→ Available data:

+ + + + +

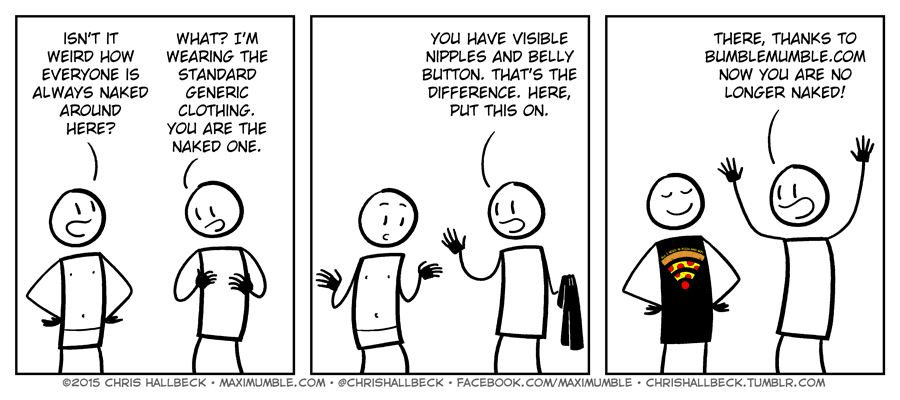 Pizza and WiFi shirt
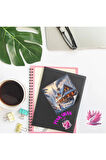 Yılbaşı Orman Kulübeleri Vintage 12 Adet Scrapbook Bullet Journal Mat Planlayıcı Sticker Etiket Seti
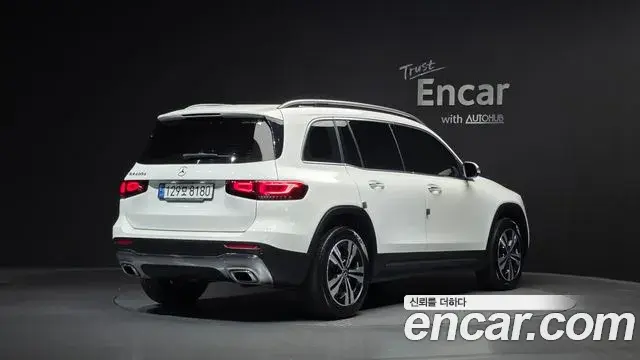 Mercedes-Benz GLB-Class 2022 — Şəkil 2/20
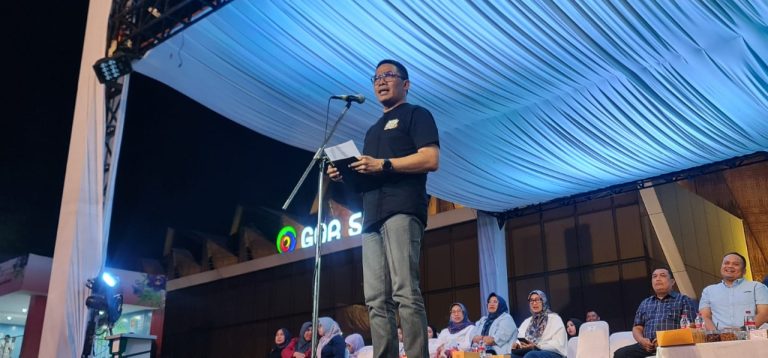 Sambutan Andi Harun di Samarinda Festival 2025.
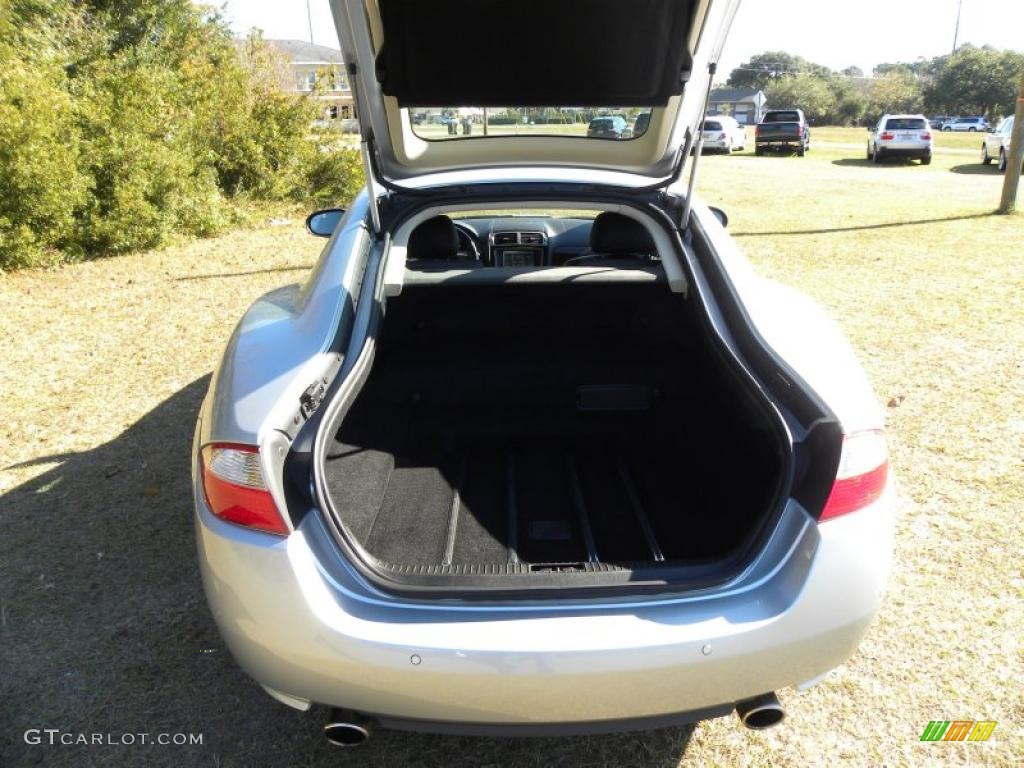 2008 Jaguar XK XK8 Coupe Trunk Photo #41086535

+ + + + +

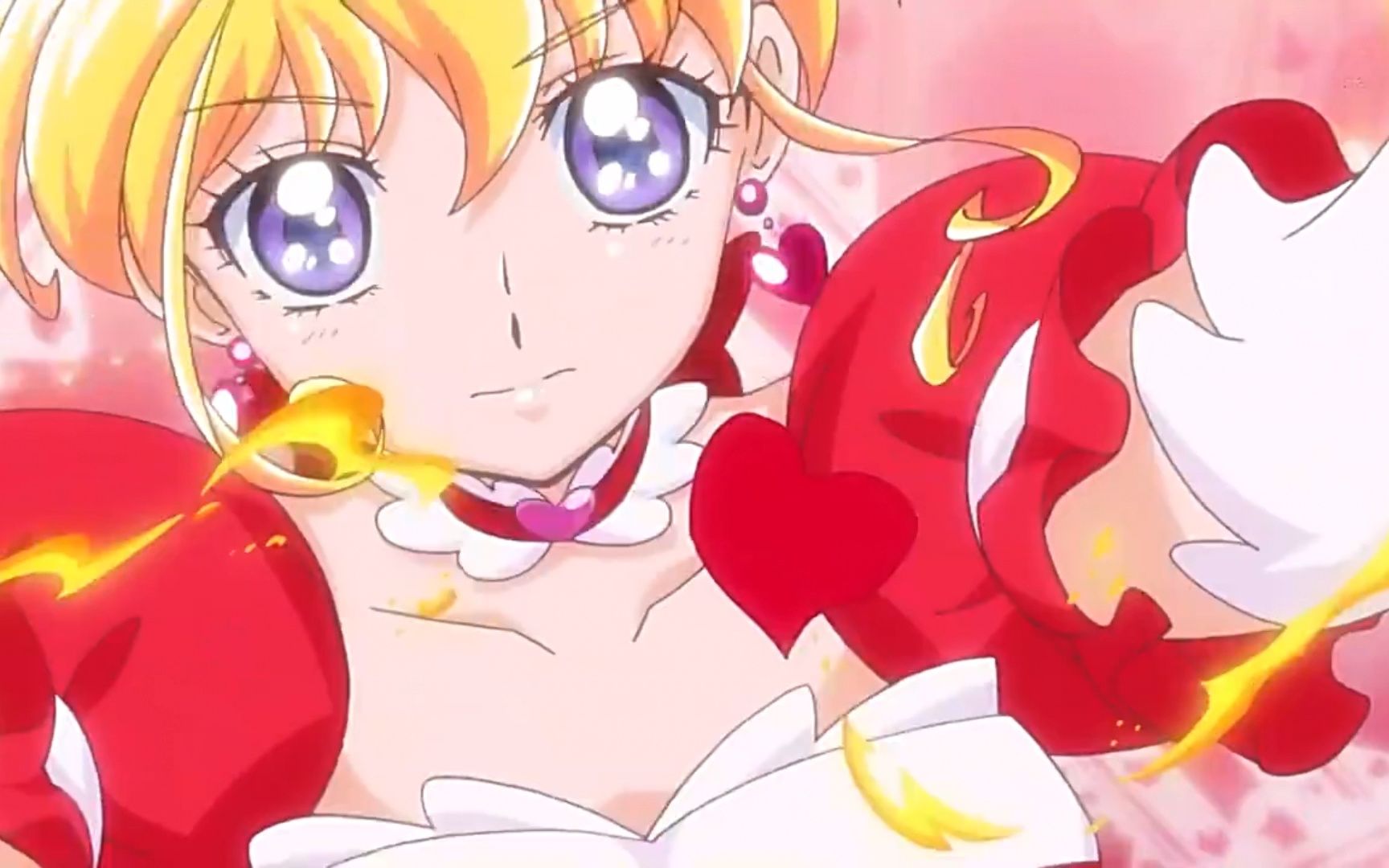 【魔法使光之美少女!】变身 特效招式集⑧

+ + + + +

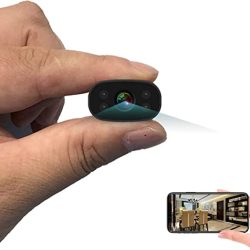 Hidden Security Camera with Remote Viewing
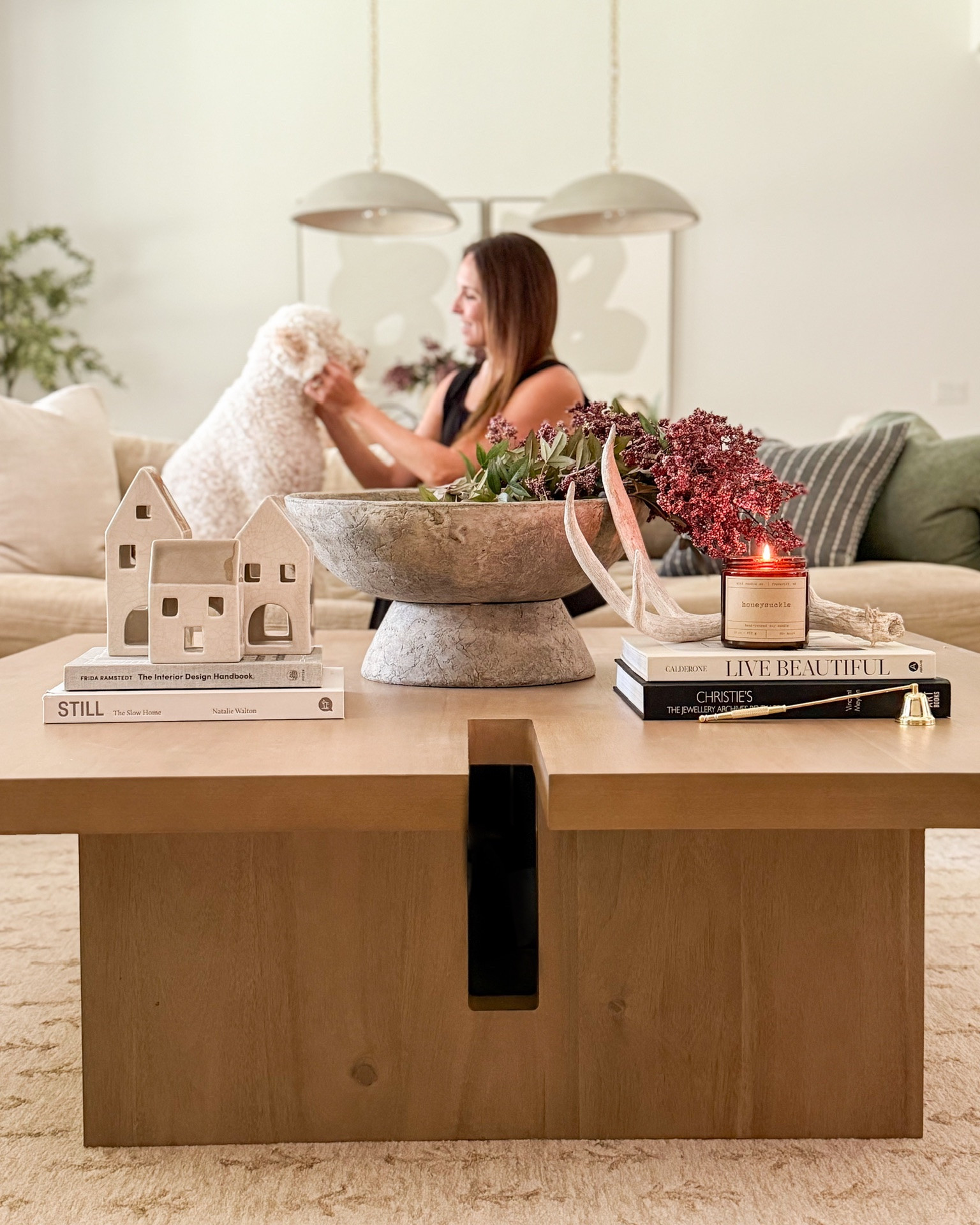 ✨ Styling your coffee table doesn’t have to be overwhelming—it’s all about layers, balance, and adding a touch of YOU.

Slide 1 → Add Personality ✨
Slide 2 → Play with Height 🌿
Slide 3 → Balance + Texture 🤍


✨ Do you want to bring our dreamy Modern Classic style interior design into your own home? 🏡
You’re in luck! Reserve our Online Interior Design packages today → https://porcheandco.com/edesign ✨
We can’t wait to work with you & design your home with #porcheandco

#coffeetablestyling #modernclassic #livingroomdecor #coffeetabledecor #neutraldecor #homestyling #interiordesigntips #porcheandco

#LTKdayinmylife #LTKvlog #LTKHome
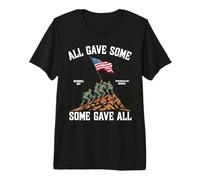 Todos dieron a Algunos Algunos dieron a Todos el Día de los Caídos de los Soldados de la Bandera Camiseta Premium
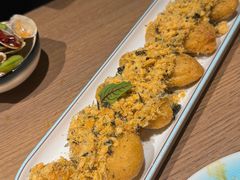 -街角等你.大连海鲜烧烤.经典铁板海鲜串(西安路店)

+ + + + +

→ Problem details:
Look above for the line containing "Slide 3 → Balance + Texture 🤍" and the line containing "-街角等你.大连海鲜烧烤.经典铁板海鲜串(西安路店)", then reproduce both and everything between them exactly, pictures omitted.

→ Answer box:
Slide 3 → Balance + Texture 🤍


✨ Do you want to bring our dreamy Modern Classic style interior design into your own home? 🏡
You’re in luck! Reserve our Online Interior Design packages today → https://porcheandco.com/edesign ✨
We can’t wait to work with you & design your home with #porcheandco

#coffeetablestyling #modernclassic #livingroomdecor #coffeetabledecor #neutraldecor #homestyling #interiordesigntips #porcheandco

#LTKdayinmylife #LTKvlog #LTKHome
 Todos dieron a Algunos Algunos dieron a Todos el Día de los Caídos de los Soldados de la Bandera Camiseta Premium
 -街角等你.大连海鲜烧烤.经典铁板海鲜串(西安路店)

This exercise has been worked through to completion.